La Germania chiede rigidità a tutti, ma sull’export è la prima a violare le regole…
La flessibilità negata all’Italia viene invece concessa alla Germania. Il rispetto delle regole che Bruxelles intima a Roma un giorno sì e l’altro pure, non vale per Berlino. Cosa è accaduto? La Germania è inadempiente rispetto alle regole del “six pack” per il quinto anno di seguito ma dalla commissione Ue non arrivano né richiami né ammonimenti. È Repubblica nell’edizione odierna a puntare l’indice contro i tedeschi: “Per ogni Paese – scrive Federico Fubini – diventa proibito avere un rosso delle partite correnti (scambi con l’estero) di oltre il 3% del Pil per più di tre anni di fila, ma lo è anche un surplus di oltre il 6% per lo stesso periodo”. La Germania invece anche quest’anno sarà “in violazione della soglia del 6% per il quinto anno di seguito”. Un surplus commerciale accumulato verso i paesi extra-Ue che ostacola l’export dei paesi dell’eurozona. L’Italia ha invece fatto i propri compiti con diligenza: ha cancellato i disavanzi esterni “anche a costo di di milioni di disoccupati in più e una caduta dei salari”, ricorda Fubini.

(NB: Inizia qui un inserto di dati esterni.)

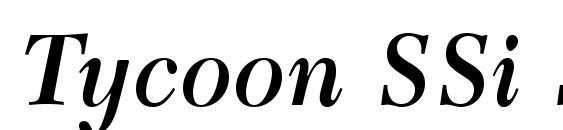 Tycoon SSi Semi Bold Italic font, free Tycoon SSi Semi Bold Italic font, preview Tycoon SSi Semi Bold Italic font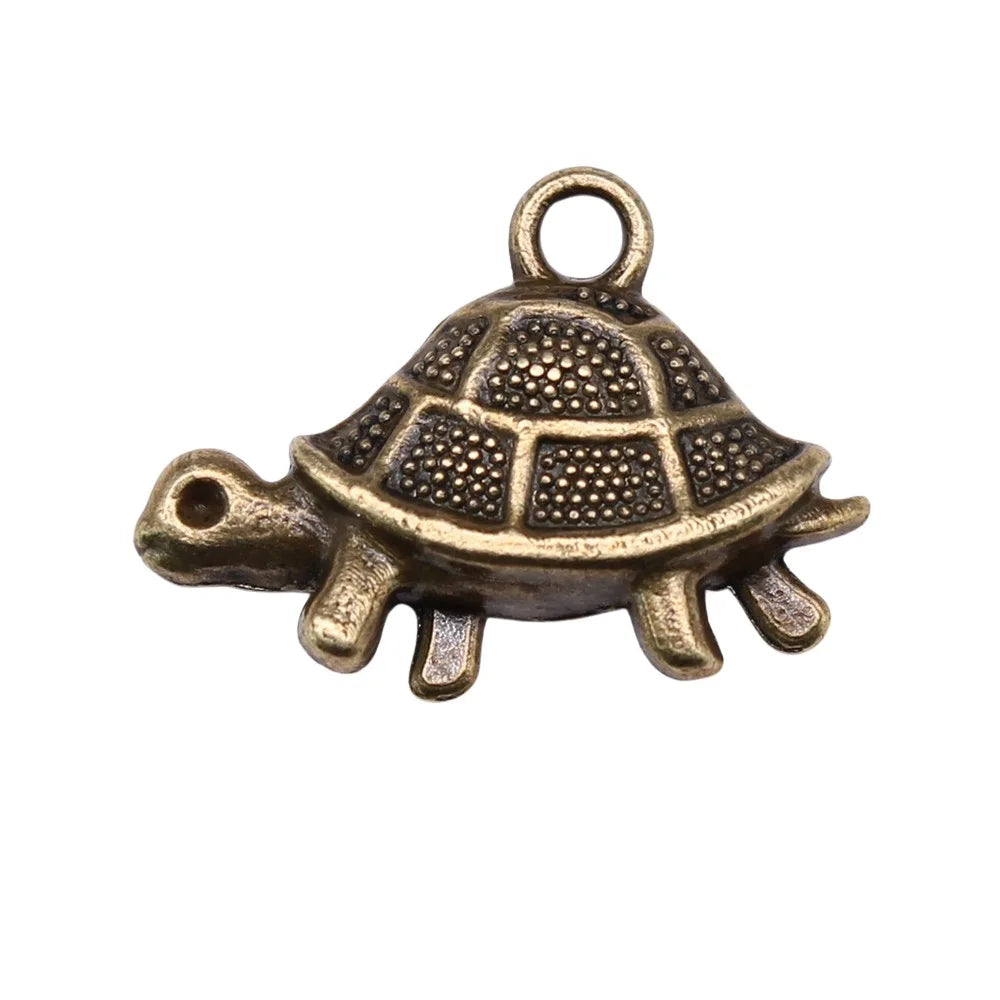 27x19mm 1.9g Multicolor Zinc Alloy Turtle Charm Pendant for Ocean Animal DIY Jewelry Accessories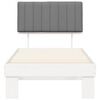 vidaXL Bettgestell mit gepolstertem Kopfteil Hellgrau 90 x 190 cm
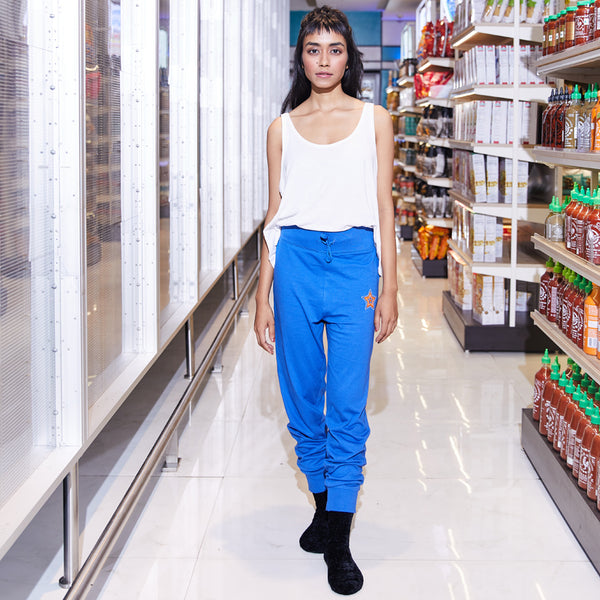 Dandelion - Cotton Knit - Blue - Jogger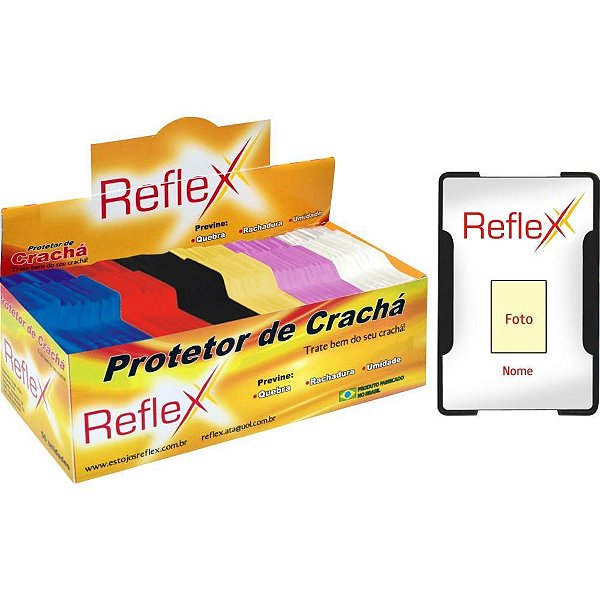 Protetor para Cracha Plastico Cores SORT.54X86MM CX.C/50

Eppure Ralph Brinkhaus, vicecapogruppo parlamentare Cdu e responsabile di Finanze e Bilancio, in un’intervista chiude nuovamente alla richiesta di maggiore flessibilità avanzata da Palazzo Chigi. “Rispettando le regole attuali abbiamo superato insieme situazioni difficili. Sarà possibile anche in futuro”. “Renzi però ha anche ragione quando dice che dobbiamo dare impulsi di crescita. E’ possibile nell’ambito delle regole, non cambiandole. E con profonde riforme di struttura”. Già, ma le regole o valgono per tutti o non sono tali. La rigidità e la correzione degli squilibri non può essere imposta solo ai paesi più deboli e ignorata là dove l’euro ha portato vantaggi e benefici.